:: Supplied material ::
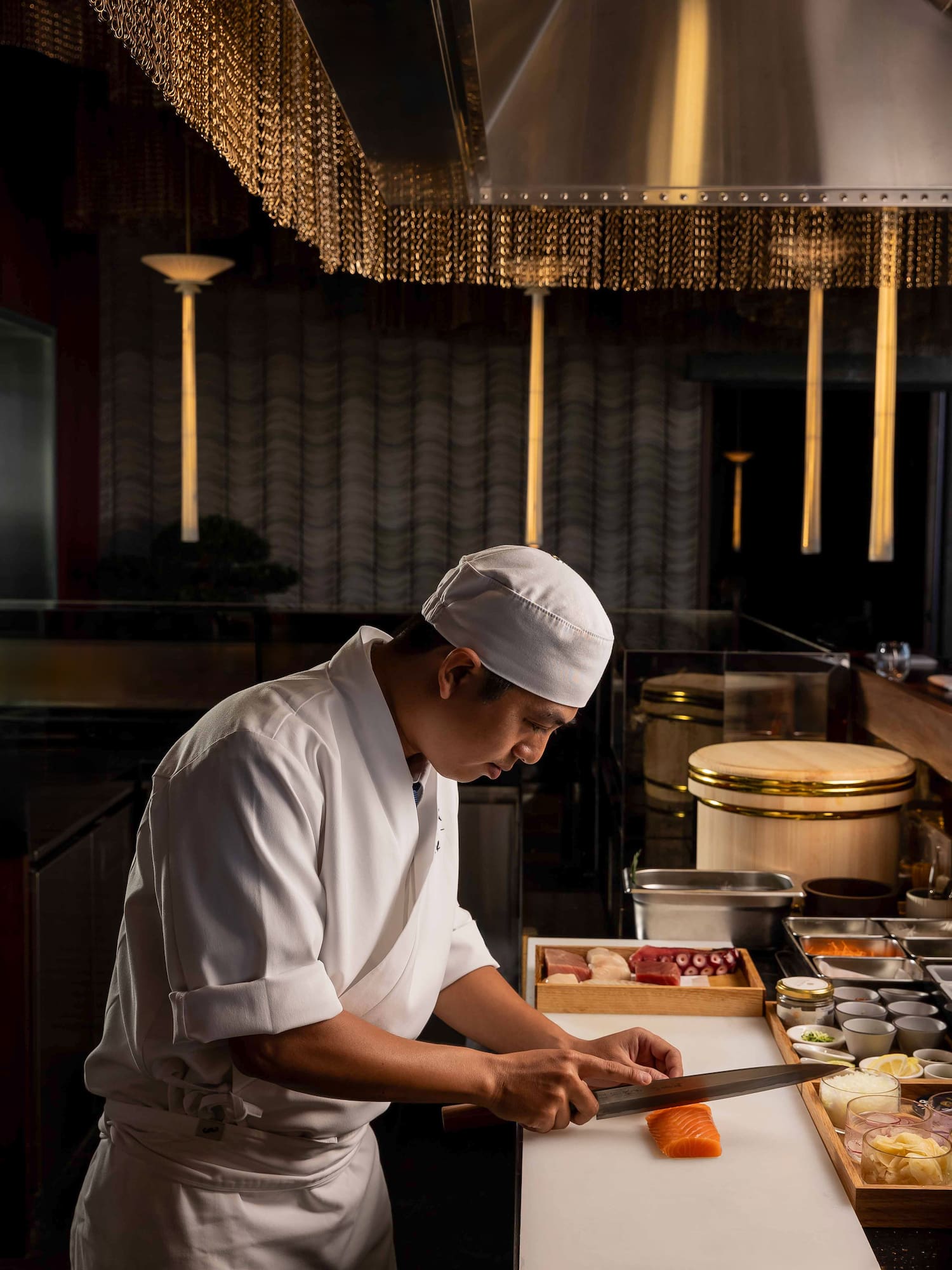 a man in a chef's uniform cutting food
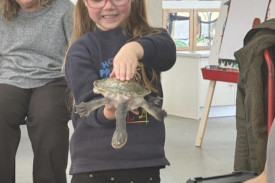 Rahli holding Tommy the Long Necked Turtle.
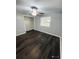 Large bedroom with dark laminate wood flooring and a spacious closet at 2013 Finland Dr, Spring Hill, FL 34609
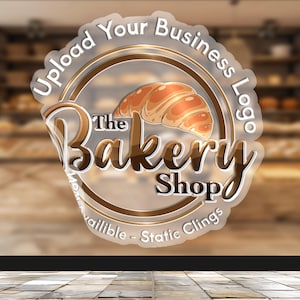 May include: A clear sticker with a gold circle and the text "Upload Your Business Logo" and "The Bakery Shop" with a croissant graphic. The sticker is on a glass door.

:: Work instruction ::
A word-for-word repeat is expected of the lines from the one with "Large bedroom with" to the end of the data, both included; pictures are not part of it.

:: Answer area ::
 Large bedroom with dark laminate wood flooring and a spacious closet at 2013 Finland Dr, Spring Hill, FL 34609
 May include: A clear sticker with a gold circle and the text "Upload Your Business Logo" and "The Bakery Shop" with a croissant graphic. The sticker is on a glass door.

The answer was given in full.